No hay que esperar a desenamorarse para terminar con una relación destructiva. En estos casos, la estrategia adecuada para enfrentar la adicción afectiva es la misma que se utiliza en farmacodependencia, donde el adicto debe pelear con la apetencia y sacrificar el placer inmediato por la gratificación a mediano o largo plazo.

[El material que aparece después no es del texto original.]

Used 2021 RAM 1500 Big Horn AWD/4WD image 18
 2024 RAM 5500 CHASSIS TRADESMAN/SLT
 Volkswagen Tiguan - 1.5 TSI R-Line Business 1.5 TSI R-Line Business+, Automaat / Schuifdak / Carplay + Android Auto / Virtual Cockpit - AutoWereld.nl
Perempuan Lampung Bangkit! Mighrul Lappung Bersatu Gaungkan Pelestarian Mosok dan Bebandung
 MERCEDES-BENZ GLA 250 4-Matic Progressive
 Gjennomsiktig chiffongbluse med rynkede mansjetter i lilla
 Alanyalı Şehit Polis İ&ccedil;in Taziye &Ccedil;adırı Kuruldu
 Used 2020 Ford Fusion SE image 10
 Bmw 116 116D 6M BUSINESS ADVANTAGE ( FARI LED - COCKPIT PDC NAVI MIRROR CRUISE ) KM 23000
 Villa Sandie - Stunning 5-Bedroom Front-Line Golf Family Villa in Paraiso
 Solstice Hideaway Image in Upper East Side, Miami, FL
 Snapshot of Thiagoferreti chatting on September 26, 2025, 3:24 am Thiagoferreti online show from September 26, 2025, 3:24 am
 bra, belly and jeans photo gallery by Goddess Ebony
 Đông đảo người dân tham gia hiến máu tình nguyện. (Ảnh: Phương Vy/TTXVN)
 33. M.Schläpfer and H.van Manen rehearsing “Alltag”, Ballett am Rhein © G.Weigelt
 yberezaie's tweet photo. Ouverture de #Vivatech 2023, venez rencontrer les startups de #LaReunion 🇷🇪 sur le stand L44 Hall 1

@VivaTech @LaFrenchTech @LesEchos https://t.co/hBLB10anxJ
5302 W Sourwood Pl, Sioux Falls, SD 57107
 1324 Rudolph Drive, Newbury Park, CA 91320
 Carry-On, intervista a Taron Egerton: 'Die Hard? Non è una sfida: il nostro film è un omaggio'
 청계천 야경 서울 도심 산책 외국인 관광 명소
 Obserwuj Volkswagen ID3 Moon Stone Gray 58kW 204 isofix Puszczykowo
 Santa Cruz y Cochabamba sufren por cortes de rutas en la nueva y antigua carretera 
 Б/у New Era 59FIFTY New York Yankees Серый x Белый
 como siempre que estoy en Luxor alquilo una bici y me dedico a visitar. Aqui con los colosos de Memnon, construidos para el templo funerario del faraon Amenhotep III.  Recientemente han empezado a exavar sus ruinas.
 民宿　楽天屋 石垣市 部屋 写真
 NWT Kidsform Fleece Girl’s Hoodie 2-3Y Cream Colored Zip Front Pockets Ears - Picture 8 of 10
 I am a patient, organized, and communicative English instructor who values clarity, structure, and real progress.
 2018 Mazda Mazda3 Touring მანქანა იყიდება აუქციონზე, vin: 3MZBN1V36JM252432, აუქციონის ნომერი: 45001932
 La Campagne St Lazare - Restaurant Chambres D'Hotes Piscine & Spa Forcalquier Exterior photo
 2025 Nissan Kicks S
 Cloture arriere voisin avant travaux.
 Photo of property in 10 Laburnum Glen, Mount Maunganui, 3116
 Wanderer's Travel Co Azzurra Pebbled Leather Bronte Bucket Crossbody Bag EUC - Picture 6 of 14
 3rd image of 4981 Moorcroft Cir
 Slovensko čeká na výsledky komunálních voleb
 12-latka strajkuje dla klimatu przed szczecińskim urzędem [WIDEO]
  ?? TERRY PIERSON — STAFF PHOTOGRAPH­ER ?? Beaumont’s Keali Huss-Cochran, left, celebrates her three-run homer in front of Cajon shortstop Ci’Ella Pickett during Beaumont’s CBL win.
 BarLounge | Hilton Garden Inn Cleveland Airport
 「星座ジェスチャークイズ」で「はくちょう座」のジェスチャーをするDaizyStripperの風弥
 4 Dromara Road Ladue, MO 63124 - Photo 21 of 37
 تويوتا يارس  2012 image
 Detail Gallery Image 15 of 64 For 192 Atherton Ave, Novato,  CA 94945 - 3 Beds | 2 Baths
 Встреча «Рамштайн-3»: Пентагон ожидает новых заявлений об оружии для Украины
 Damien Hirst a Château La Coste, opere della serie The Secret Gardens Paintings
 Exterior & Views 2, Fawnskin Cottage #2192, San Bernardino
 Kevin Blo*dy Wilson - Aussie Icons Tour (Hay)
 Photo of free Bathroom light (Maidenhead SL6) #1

En la adicción afectiva (apego), nos guste o no, todo el trabajo de ruptura e independencia emocional deberá hacerse con el supuesto amor a cuestas: “Aunque lo quiera, me alejaré de él porque no me conviene”. Muy difícil y solo para valientes, pero así es. No importa cuanto duela, si es dañino, hay que retirarse y no consumir. El desamor no es un requisito para desligarse de las relaciones enfermizas, sino más bien su consecuencia. Además, no creo que el amor pueda disminuirse a fuerza de voluntad y razón, eso es puro cuento. De ser así, el proceso inverso también debería ser posible, y tal como lo muestran los hechos, uno no se enamora del que quiere, sino del que puede.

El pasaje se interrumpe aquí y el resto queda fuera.